The rest of the afternoon was dedicated to the aquarium, which was genuinely worth the hype. Sea otters, spectacularly lit jellyfish exhibits, multiple sea bird aviaries, endless different fish habitats… even cuttlefish, for whom I had a new respect after playing one. Like squid, they ‘talk’ with the color patterns in their skin, something I made great use of in the game and had a wonderful time seeing in person at the aquarium.
(All the aquarium pictures will be in the next, bonus, post, because there are too many to put in this one.)

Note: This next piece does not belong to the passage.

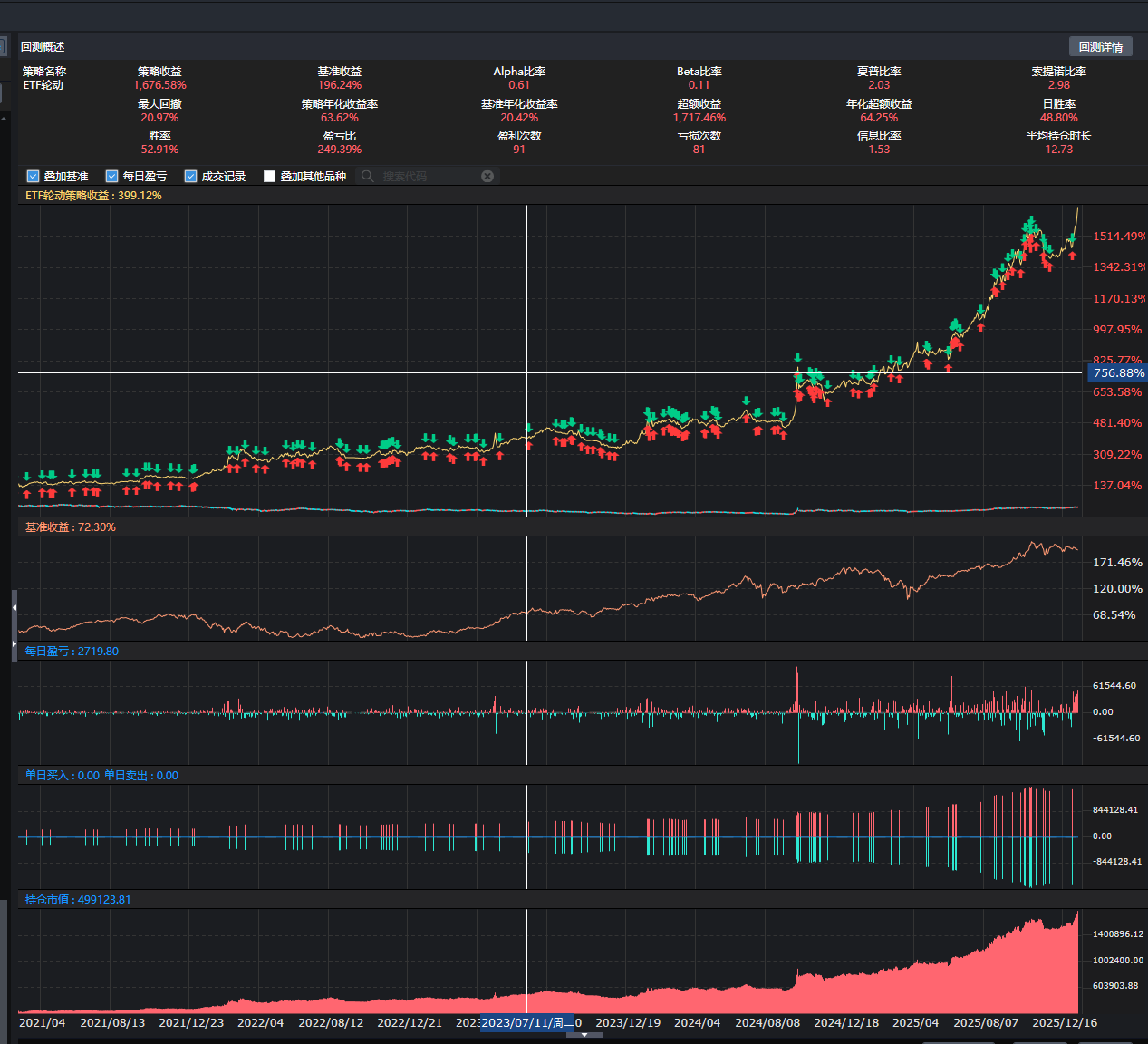 七星一类 ETF 轮动 PTrade 回测示意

The main shoreside road in Monterey is called Cannery Row. John Steinbeck wrote a book set there, and named after it, which has made him extremely popular with the folk of Monterey. There’s a little park along Cannery Row, named for him and with a statue of the author at the front. Our motel was at the other end of Cannery Row from the aquarium, just off the beach; a sweet, inexpensive little place, unimaginatively called the Monterey Bay Lodge. We did not, alas, see the seals off one of the piers; we couldn’t easily find the right one and were pretty tired by that point. But C got into a swimsuit and went down to the beach on foot, to play in the water for a little while. I hadn’t brought a swimsuit and was tired anyhow, so I stayed back at the motel and rested. A good long night’s sleep and we were ready for a group of rather more difficult driving.
The road was mostly not northern California fettuccine, but it wasn’t easy. C, who was navigating for me, described a possible alternate route as: “Either way will be weird, but this way will be a more understandable weirdness and might avoid a roundabout.”

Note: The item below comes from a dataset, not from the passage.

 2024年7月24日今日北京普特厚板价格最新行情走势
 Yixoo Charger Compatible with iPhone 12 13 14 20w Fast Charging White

“I don’t mind roundabouts,” I told him, “but I’m all for understandable weirdness. Let’s do it.”
So we went that way, which basically involved taking California route 58 directly through Bakersfield, instead of ducking around it as the Google map kept trying to make me do. It was indeed understandable weirdness. It was also HOT. The external thermometer on Frank the Truck read 105F by the time we’d gotten deep into the Mojave Desert. Fortunately, Frank’s air conditioning worked brilliantly. We didn’t even have to keep it on max. Of course, when we stopped at a rest stop, my 21-year-old travel companion insisted on getting out of the truck to experience what 105F felt like… which meant opening the door and letting all the hot air in. It cooled down after another 20 minutes or so, but it took a while.
C drove for a scattered hour or two, depending on where the road was easiest. We stopped once to take a break and switch drivers, and he found a gorgeous blue Panama hat which we ended up buying. I did not get a hat. I got vanilla fudge, which I’m not supposed to eat much of because of the creeping edge of arteriosclerosis, but I’ll eat it slowly.
Between Monterey and Barstow is wind farm country. There were endless modern windmills set up along the ridges. I told C, “I can just imagine Don Quixote looking up at that ridge in absolute horror.”
During the last couple hours of the drive we got an unexpected message from my husband G, who’s at home tracking our progress online, and had this to tell us: “Be glad you’re not on Route 80. 150,000 tomatoes spilled out of a truck over there.”
Before we left Seattle everyone had assumed we’d be going to Colorado via I-80, but actually I had intended all along to go south straight through California, and then hang a left. That would keep me out of the most extreme mountains, and I hate mountain driving with a blistering passion. So my bias against mountain roads kept us safe from the humongous loads of spilled tomatoes. Seven cars crashed on the interstate in the tomato chaos, but it was conveniently far away from where we were.
We have, by this time, settled in Barstow for the night, and I even found a room with the bathtub that I always hope for. Tomorrow it’s on to Flagstaff, we hope; the day after, we wrap up at A’s place in Albuquerque.
Hopefully, the only tomatoes will be in the soup.